Extension condition for revisit
- Headline-rung composition shift: if Phase 3-4 analysis reveals a non-headline ablation rung carries methodology-interpretation weight (e.g., demonstrates a specific failure mode that’s central to the writeup narrative), promote that rung into the publication set via Phase 5 ADR amendment without superseding this ADR. The discipline (publish headline rungs with model card) is locked; the exact list is provisional and revisable.
- Disclosure-surface concern escalation: if a Phase 1+ surprise reveals that published checkpoints expose a specific class of adversarial attack the writeup didn’t anticipate, switch to option A (no publication; private retention with reviewer-on-request escalation) via superseding ADR. The reproducibility tier (per ADR-034) would then collapse to T1 + T3 only.
- Production-deployment scope extension: if the writeup expands to include a deployment-grade classifier claim, publication discipline tightens to include responsible-disclosure embargo period + safety review per a superseding ADR.

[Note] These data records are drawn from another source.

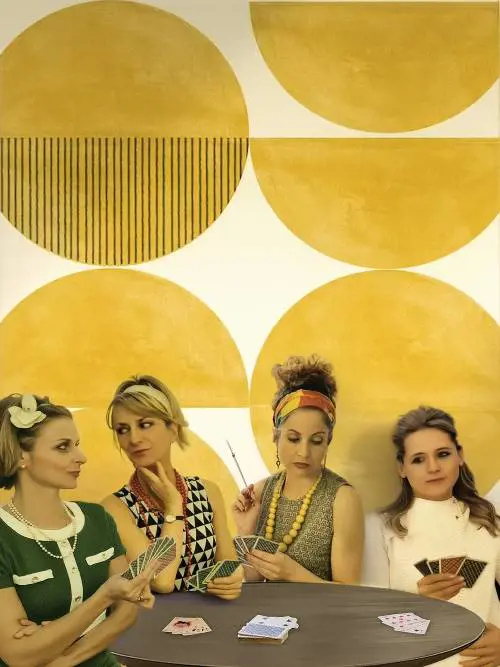 Maternità, amore e amicizia nel confronto di due generazioni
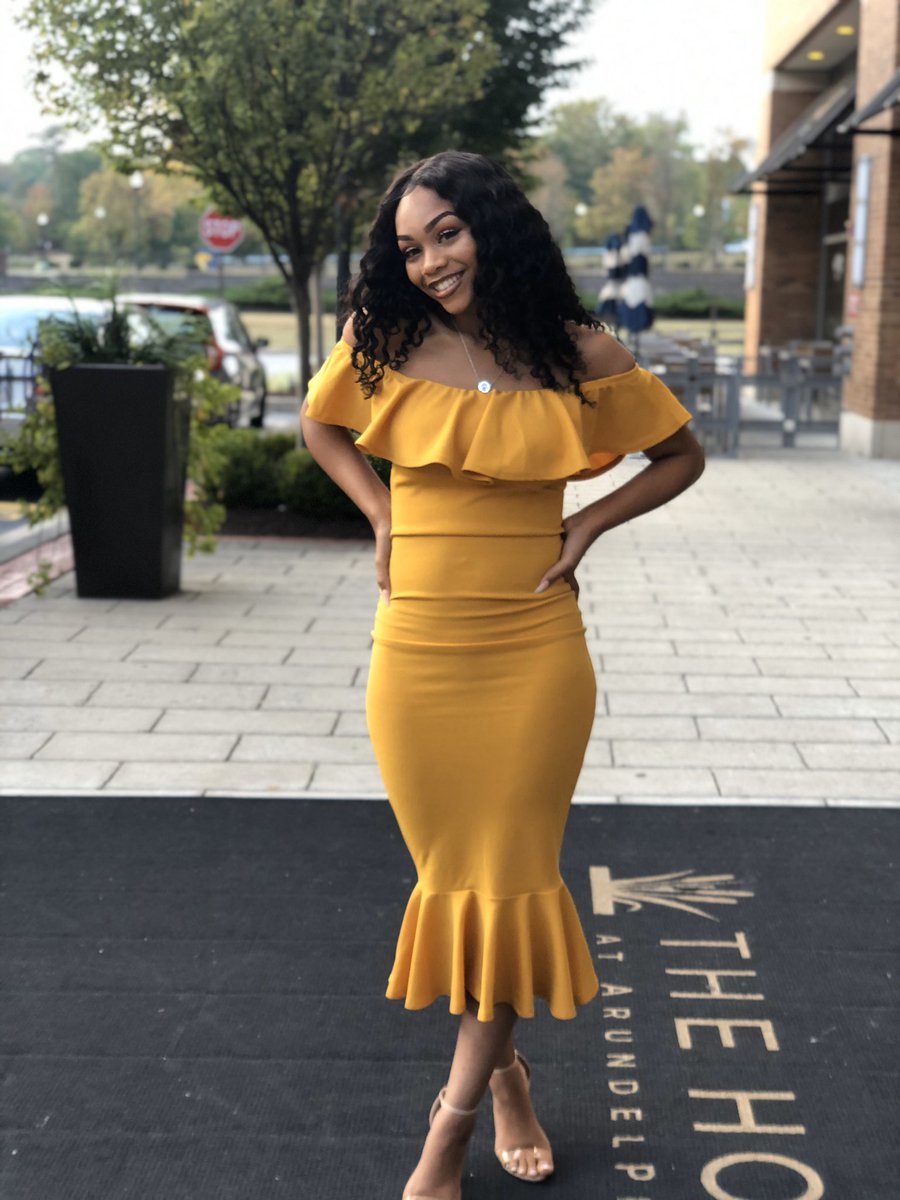 MarrowOllie's tweet photo. had to switch it up 💛 https://t.co/Am7zZ1hPYF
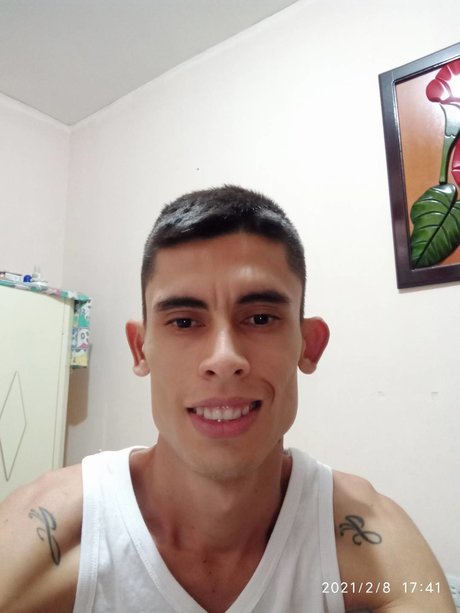 Photo nue de fuite OnlyFans de Julian Camilo Marroquin
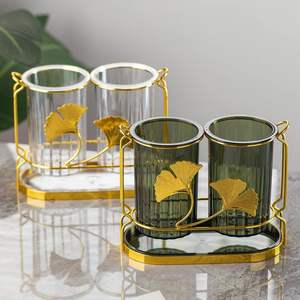 Portautensilios de Cocina Moderno con Almacenamiento para Palillos y Cubiertos, Vasos de Vidrio, Marco de Metal Dorado, Diseño Contemporáneo - Product Image 3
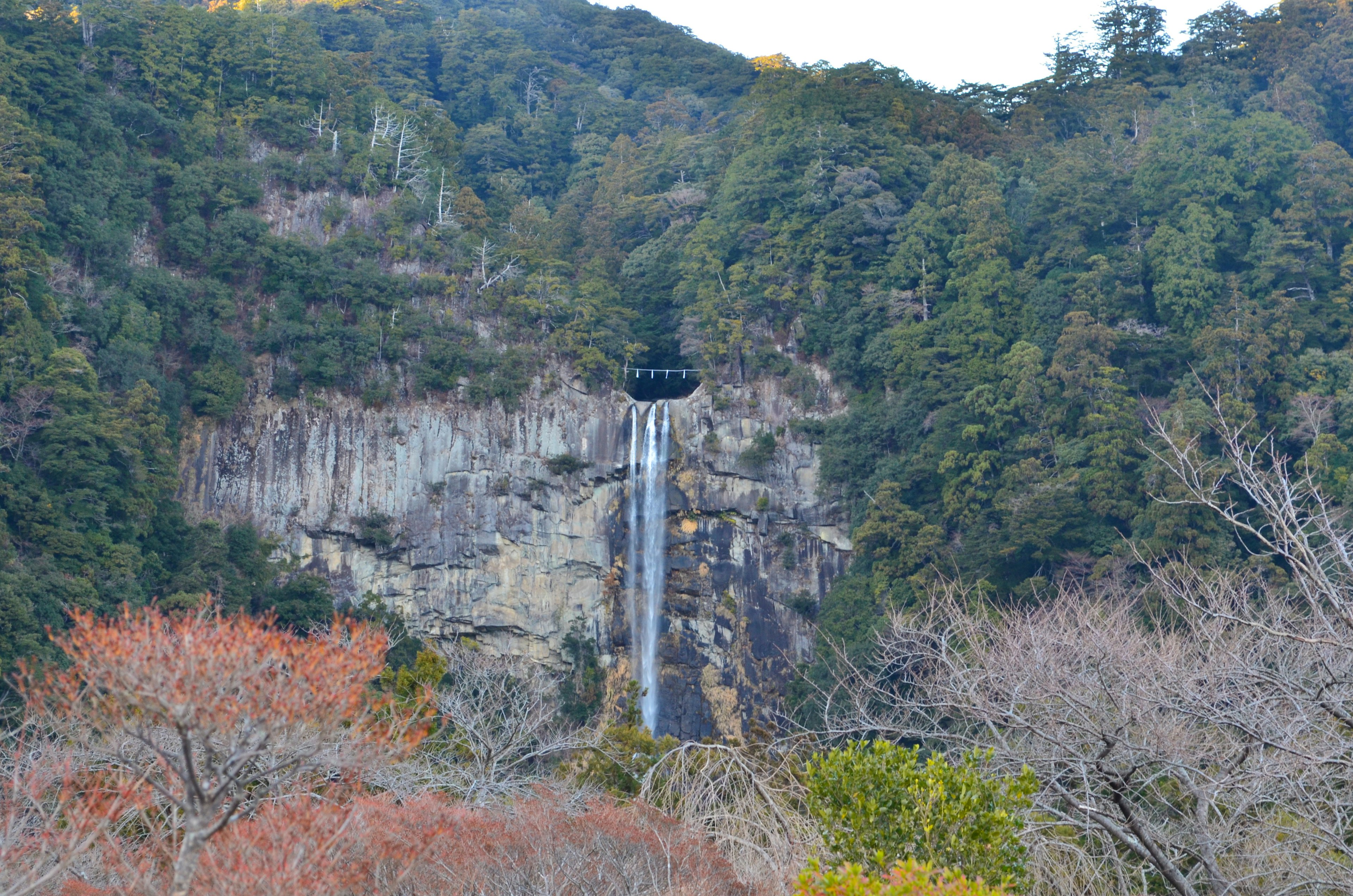 Eine malerische Aussicht auf einen Wasserfall, der von einem Berg fällt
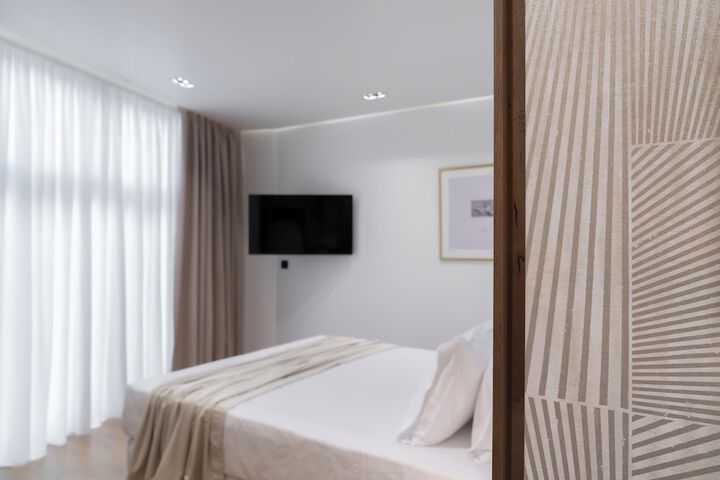 Room 17 of 60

- HF Hub org creation: if maintaining 3-4 model repos under personal username proves awkward (e.g., conflates with personal hobby projects), migrate to a
ciphero-take-homeorg via superseding ADR with URL-migration notes.
Alternatives Considered
- (A) No publication; checkpoints private — defeats T0 reproducibility tier; loses contribution-trail value; rejected per Phase 0-07 Q2 walk in favor of option C.

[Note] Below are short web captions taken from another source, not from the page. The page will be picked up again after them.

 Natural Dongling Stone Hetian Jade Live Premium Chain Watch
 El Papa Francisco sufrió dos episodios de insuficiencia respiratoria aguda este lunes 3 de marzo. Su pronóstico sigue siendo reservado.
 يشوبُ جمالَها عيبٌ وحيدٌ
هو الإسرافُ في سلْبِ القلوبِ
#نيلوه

- (B) Publish all trained rungs — 4-6× publication time; ablation-rung issues / questions add post-submission maintenance surface; option C captures the reproducibility value with less time + maintenance cost.
- (D) Single canonical “best” checkpoint — contradicts ADR-005 (deployment is not on the roadmap) by picking a single “best” rung; methodology refuses to make a single recommendation; option C publishes the headline rungs as a set not as a recommendation.

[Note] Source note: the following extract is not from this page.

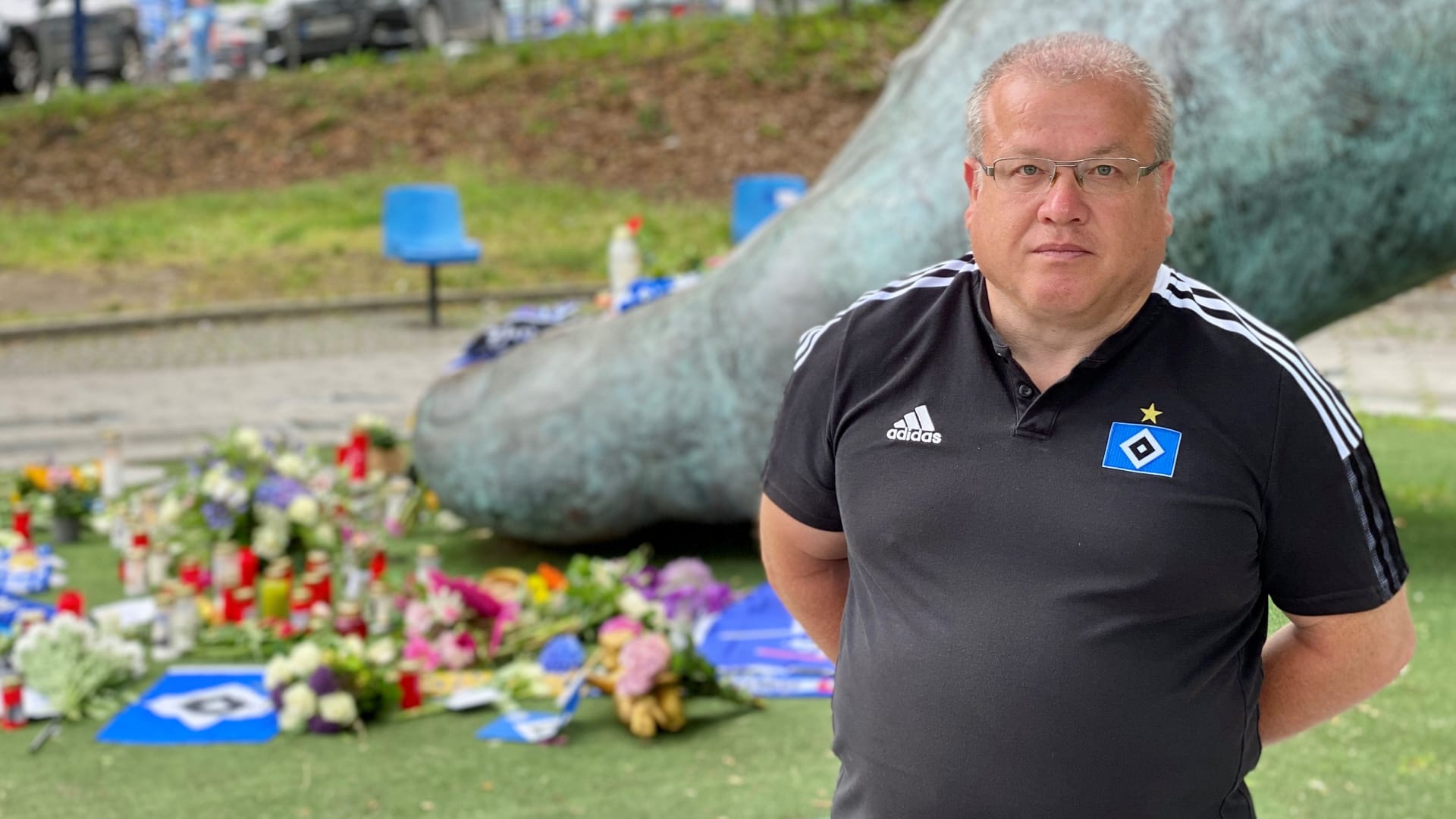 Roland aus Bayern ist schon sein ganzes Leben HSV-Fan: Sein Vater brachte ihn zum norddeutschen Klub.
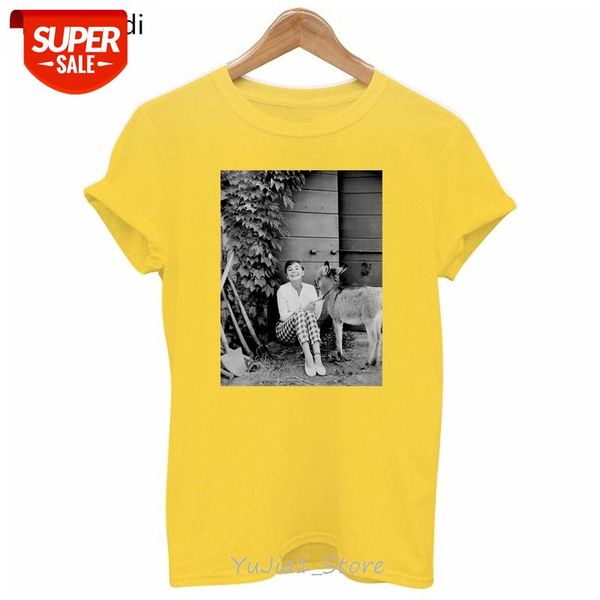 Vogue Audrey Hepburn Alpaca print vintage t shirt women pink yellow t-shirts Tumblr clothes Hip Hop tshirt hipster streetwear #Hv1j, White
Vogue Audrey Hepburn Alpaca print vintage t shirt women pink yellow t-shirts Tumblr clothes Hip Hop tshirt hipster streetwear #Hv1j, White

- Publish reference scorers under
BBehring/namespace — attribution-confusing (these are not our models); license-cascade risky (each reference scorer has its own license terms); rejected.
References
- HF Hub model upload — https://huggingface.co/docs/hub/models-uploading
- HF Hub model card schema — https://huggingface.co/docs/hub/model-cards
- ModernBERT-base license posture (Apache 2.0) — https://huggingface.co/answerdotai/ModernBERT-base
- ADR-013 (cache location — HF Hub as persistence sink; this ADR layers publication on top)
- ADR-016 (data design — HF dataset SHA pinning carries over to HF model SHA pinning)
- ADR-018 (reference scorer slate — explicitly excluded from publication)
- ADR-019 (LoRA + transformer training recipe — defines the headline rungs)
- ADR-005 (project-level methodology principles — “deployment is not on the roadmap” framing)
Transcript
See transcripts/2026-05-16__phase-0-07__submission-deliverables.md for the conversation that led to this decision (Q2 walk + option C selection).